Re: Mail archives in Git using ssoma (Docker image)

2016-09-07 Thread Eric Wong
David Bremner  wrote:
> Eric Wong  writes:
> > For mirroring existing lists, I started using public-inbox-watch
> > which currently watches Maildirs.  The config knobs are sorta
> > documented from my announcement to git@vger:
> >
> > https://public-inbox.org/git/20160710004813.ga20...@dcvr.yhbt.net/
> > http://hjrcffqmbrq6wope.onion/git/20160710004813.ga20...@dcvr.yhbt.net/
> >
> > Initial import (w/o spamassassin) was done with
> > scripts/import_vger_from_mbox in the source:
> >
> > torsocks git clone http://hjrcffqmbrq6wope.onion/public-inbox
> > git clone https://public-inbox.org/ public-inbox
> > git clone git://repo.or.cz/public-inbox
> >
> 
> FWIW, I already have a Maildir with a complete (and updated) archive of the 
> list (and
> only that) for use of nmbug. So at the risk of putting all eggs in one
> basket, perhaps public-inbox-watch could watch that maildir.

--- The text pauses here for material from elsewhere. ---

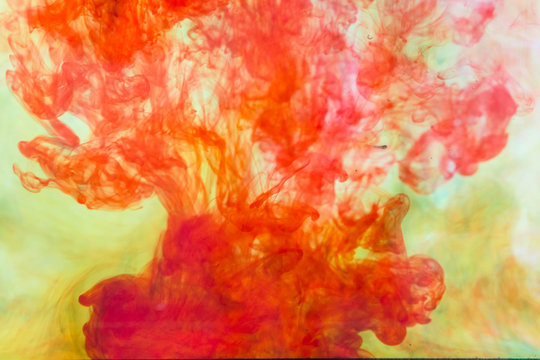 abstract color background of paints mixed in water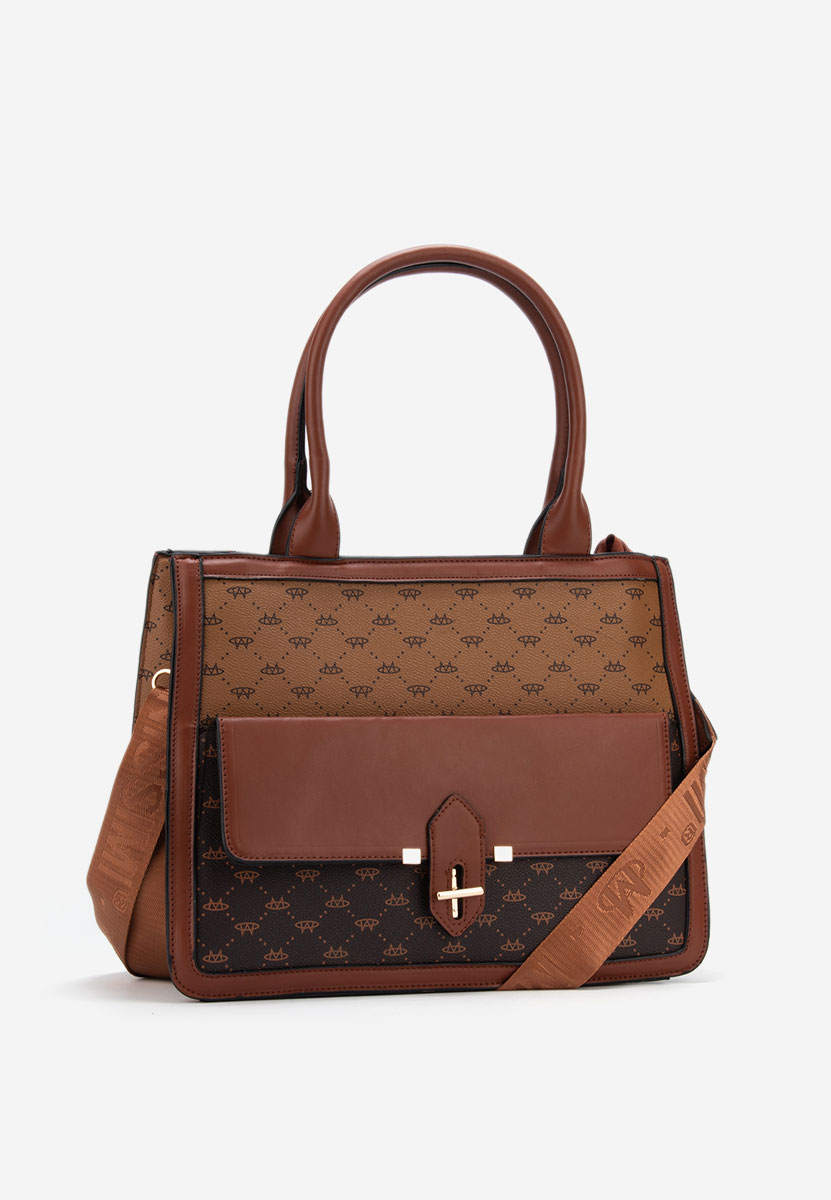 Rokav torba Kimly rjava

Yes, public-inbox-watch(1) is probably preferable for any subscriber to
start archiving the notmuch list.  I just pushed out some POD manpages
which should probably help (along with the existing INSTALL doc):

   https://public-inbox.org/meta/20160907004907.1479-...@80x24.org/

public-inbox-overview(7) should be a good starting point of ways
to start mirroring/hosting.  Please feel free to ask me directly
and/or m...@public-inbox.org if you need clarification or help.
I'm scatterbrained and tend to omit things when writing
documentation (it's hard to tell what a reader wants to know :x)

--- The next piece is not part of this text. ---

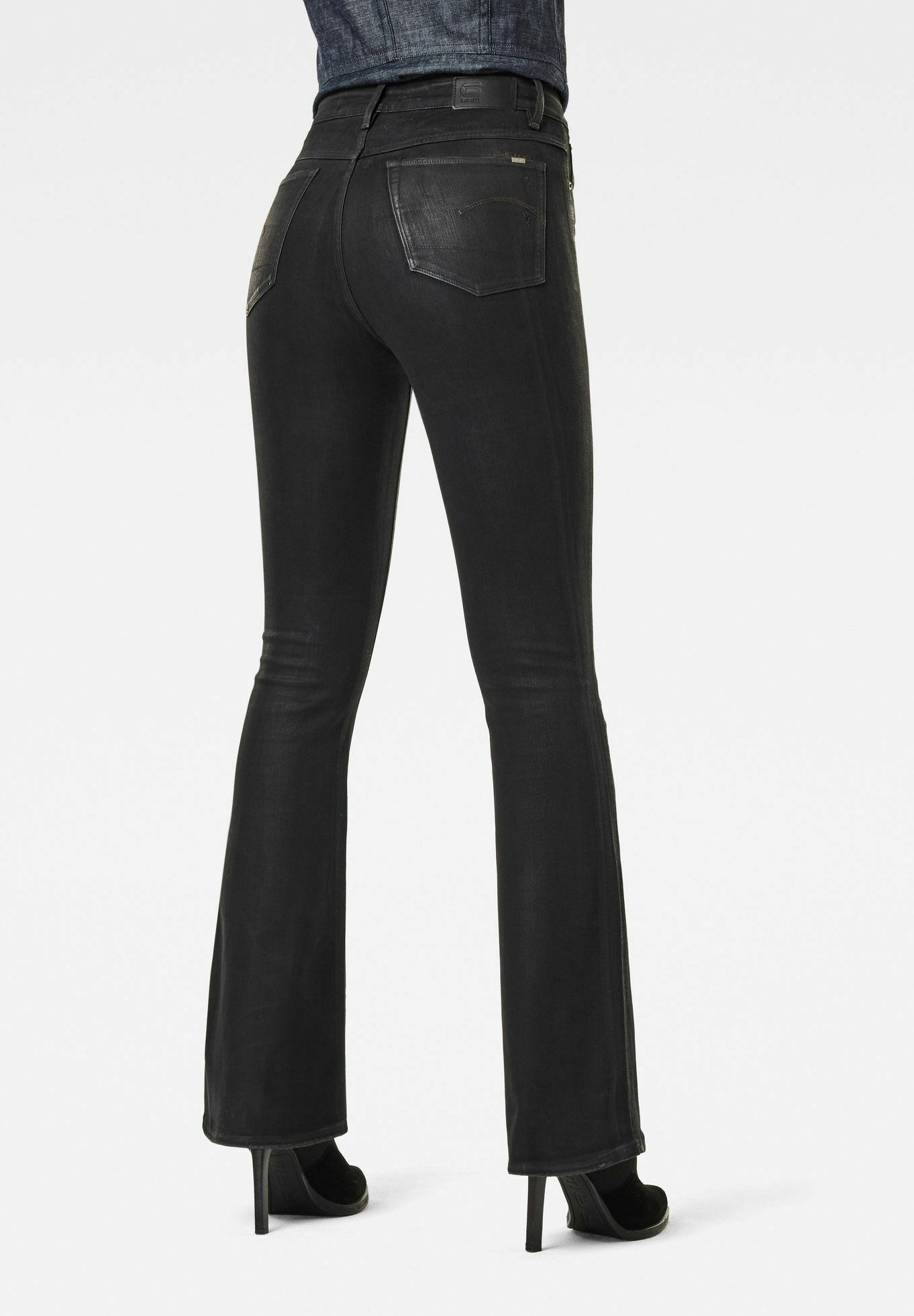 G-Star Raw Lynn Mid skinny jeans zwart | Kellyjeans.nl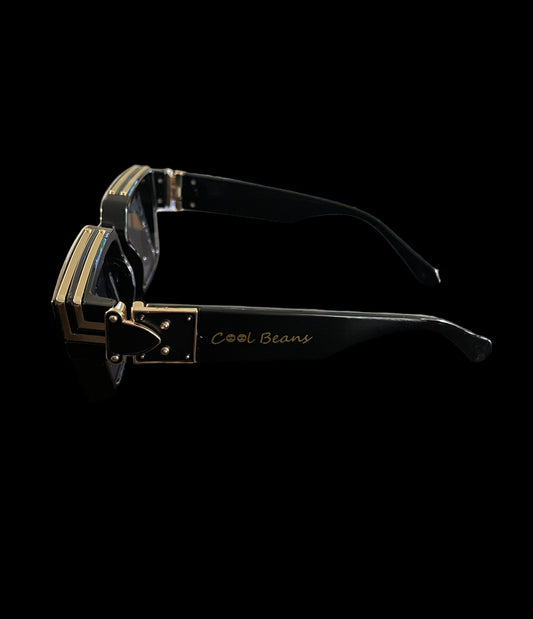 Cool Beans Black w/ Gold Accent Shades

Anyways, thanks for notmuch (and being GPL-3.0+)!  I'm not a
user myself(*), but I've found the notmuch source to be a good
place to steal Xapian usage examples from for public-inbox :>



(*) I have trouble with Maildir-only scalability and
still use gzipped mbox for old mail.
___
notmuch mailing list
notmuch@notmuchmail.org
https://notmuchmail.org/mailman/listinfo/notmuch


Re: Mail archives in Git using ssoma (Docker image)

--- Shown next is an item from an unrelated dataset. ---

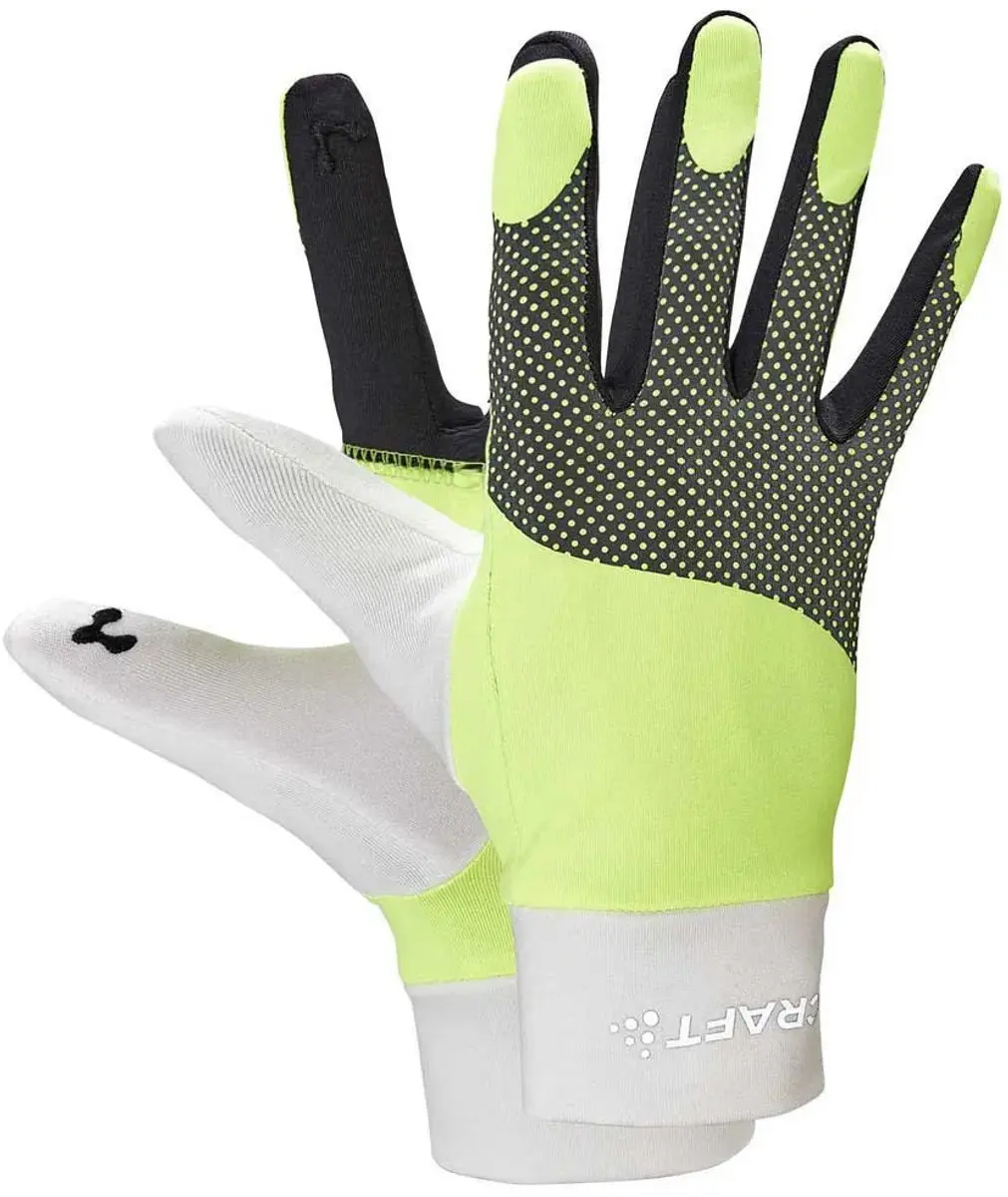 Craft Adv Lumen Fleece Handschoenen - Geel - Maat L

2016-08-21 Thread Eric Wong
"W. Trevor King"  wrote:
> On Sun, Aug 21, 2016 at 12:08:52PM +, Eric Wong wrote:
> > "W. Trevor King"  wrote:
> > > This is the ssoma archive (with the data in it).  I just set up a
> > > basic HTTP archive (following [1]) based on a Docker image [2] (Gentoo
> > > doesn't package all the Perl dependencies public-inbox needs).
> > 
> > Ugh, that sucks (sorry, not a fan of Docker).
> > 
> > What's missing from Gentoo?
> 
> Gentoo doesn't package (or I couldn't find the package for)
> Encode::MIME::Header or Mail::Thread.  I tried installing things from
> CPAN, but ran into a compile-time error from the ‘cpan’ invocationand
> gave up ;).  I can try and reproduce the error if you're curious, but
> I don't have it handy at the moment.

Encode::MIME::Header is distributed with perl itself on Debian and also
the stock upstream install.  Not sure if there's an option you missed or
disabled.

Which perl version do you use?

perl on 5.14 Debian wheezy even seems to have it.  I actually
still want everything to work on 5.8, since that seems to be
the de-facto baseline in the wild.


Mail::Thread is one .pm, and I'll probably replace it with
something (same algorithm) which can use half the memory by
avoiding wrapper object abstractions (it's probably the biggest
memory hog at the moment).

lib/PublicInbox/Thread.pm already has 3 monkey patches to workaround
upstream bugs in Mail::Thread.  It's dead upstream, and not available on
FreeBSD, either.

> > >   $ git config -f srv/notmuch.git/config publicinbox.http 
> > > http://tremily.us
> > >   $ git config -f srv/notmuch.git/config publicinbox.email 
> > > notmuch@notmuchmail.org
> > 
> > That should probably be:
> > 
> > ; based on your [3]
> > git config -f srv/notmuch.git/config \
> > publicinbox.notmuch.url http://tremily.us/notmuch
> > 
> > git config -f srv/notmuch.git/config \
> > publicinbox.notmuch.address notmuch@notmuchmail.org
> > 
> > ; this is crucial for all the public-inbox-* tools
> > git config -f srv/notmuch.git/config \
> > publicinbox.notmuch.mainrepo /path/to/notmuch.git
> 
> I was using these in the Dockerfile's CMD:
> 
>   (cd /srv;
>for NAME in *;
>do
>  CONF="/srv/${NAME}/config";
>  public-inbox-init "${NAME}" "/srv/${NAME}" $(git config -f "${CONF}" 
> publicinbox.http) $(git config -f "${CONF}" publicinbox.email);
>done) && …
> 
> Are you saying that I can skip the ~/.public-inbox/config entries
> setup by public-inbox-init if I set publicinbox.{name}.* in the ssoma
> repository's config?  That would be nice.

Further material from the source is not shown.